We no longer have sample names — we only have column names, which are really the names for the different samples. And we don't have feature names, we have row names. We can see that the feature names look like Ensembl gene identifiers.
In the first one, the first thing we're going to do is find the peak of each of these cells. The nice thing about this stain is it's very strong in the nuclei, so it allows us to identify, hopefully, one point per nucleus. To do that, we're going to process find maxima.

○ ○ ○ ○

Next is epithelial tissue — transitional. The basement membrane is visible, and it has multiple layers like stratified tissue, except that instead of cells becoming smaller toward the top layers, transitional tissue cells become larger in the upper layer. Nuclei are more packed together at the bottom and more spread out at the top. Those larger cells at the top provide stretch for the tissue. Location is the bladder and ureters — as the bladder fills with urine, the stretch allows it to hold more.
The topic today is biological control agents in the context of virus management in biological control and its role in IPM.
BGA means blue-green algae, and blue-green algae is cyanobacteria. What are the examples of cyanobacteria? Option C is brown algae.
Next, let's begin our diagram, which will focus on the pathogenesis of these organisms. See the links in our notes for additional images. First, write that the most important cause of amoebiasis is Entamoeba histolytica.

○ ○ ○ ○

**TASK INSTRUCTIONS:** Repeat word for word the lines above that run from the line containing "BGA means blue-green" through the line containing "Next, let's begin", both ends included, and nothing else.

**TASK RESULT:**
BGA means blue-green algae, and blue-green algae is cyanobacteria. What are the examples of cyanobacteria? Option C is brown algae.
Next, let's begin our diagram, which will focus on the pathogenesis of these organisms. See the links in our notes for additional images. First, write that the most important cause of amoebiasis is Entamoeba histolytica.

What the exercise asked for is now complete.